Las exhibiciones olímpicas contienen una suma de prolongados silencios rotos por los jadeos de los deportistas y por el firme laconismo de los jueces. Dominan las miradas de autoconfianza de los atletas, como si se vieran el hígado y el corazón antes de saltar la valla, de volar, de doblarse, articulándose hasta el infinito. La voz del comentarista, chisporroteando felicidad igual que si se le casara la hija, envuelve la contienda. ¡Qué euforia, cuántos vivas hasta culminar en una afonía sudada como las camisetas de los artistas! Porque en verdad lo son, criaturas que parecen de otro mundo. Que han sorteado límites de velocidad, de precisión, de inteligencia. En gimnasia o salto aprendes que el principio y el fin de un buen ejercicio consiste en clavarse con firmeza y exactitud. Alcanzar la perfección en la vida también debe ser eso: saber clavarse a tiempo, bendita simetría.

En esas tardes televisivas me fijé en como muchos competidores hablan ­solos, se jalean y se dan instrucciones a sí mismos. Se dicen “¡vamos!” para mantener la concentración, el ánimo, y “¡joder!” al conseguirlo. Ahí estaba el iron man de Lleida, Saúl Craviotto, reac­tivando las mesuras de Michelangelo y llorando con el himno; también la ­quijotesca Mireia Belmonte, que cul­minó su gesta con dos eufóricos puñe­tazos al agua, con autoridad y contundencia. En el podio, se emocionan no tanto por la melodía, ni la bandera ni la medalla al cuello, sino porque los está viendo la abuela en casa, porque alguien creyó en ellos.

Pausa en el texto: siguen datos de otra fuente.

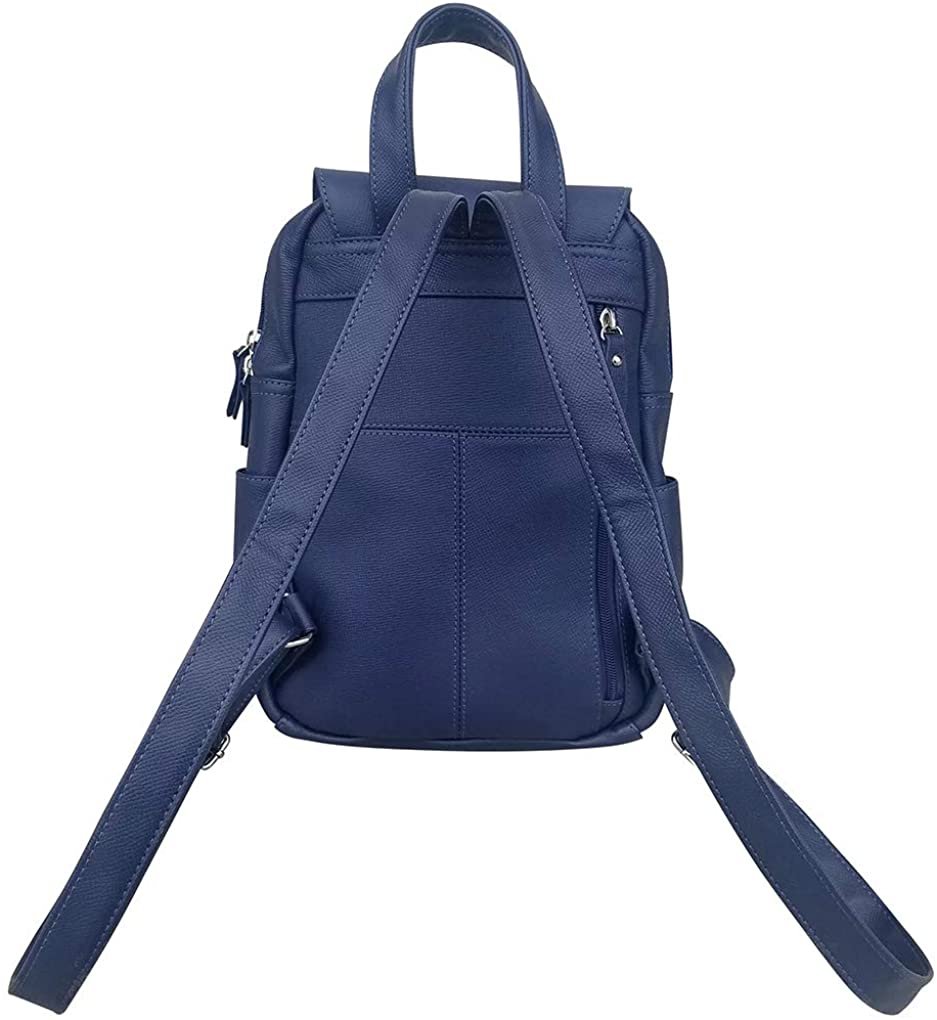 Leather Women's Backpack w Flip Rain Cover & Top Handle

Bellos, sonrientes, fuertes, de qué ­manera dominaba la dulzura en Río, donde hoy se inauguran los Juegos Paralím­picos: 4.300 deportistas que demostrarán cómo la mayoría de los límites son mentales. Y a pesar de tener menos share que los Olímpicos a secas, de llegar con la rentrée en un país revuelto y con las arcas vacías, de ausencias como la del icónico y convicto Pistorius y aun con sólo la mitad de las entradas vendidas, el sabor de la derrota y de la victoria igualará a todos aquellos que han transformado la incapacidad en capacidad obstinada y gloriosa.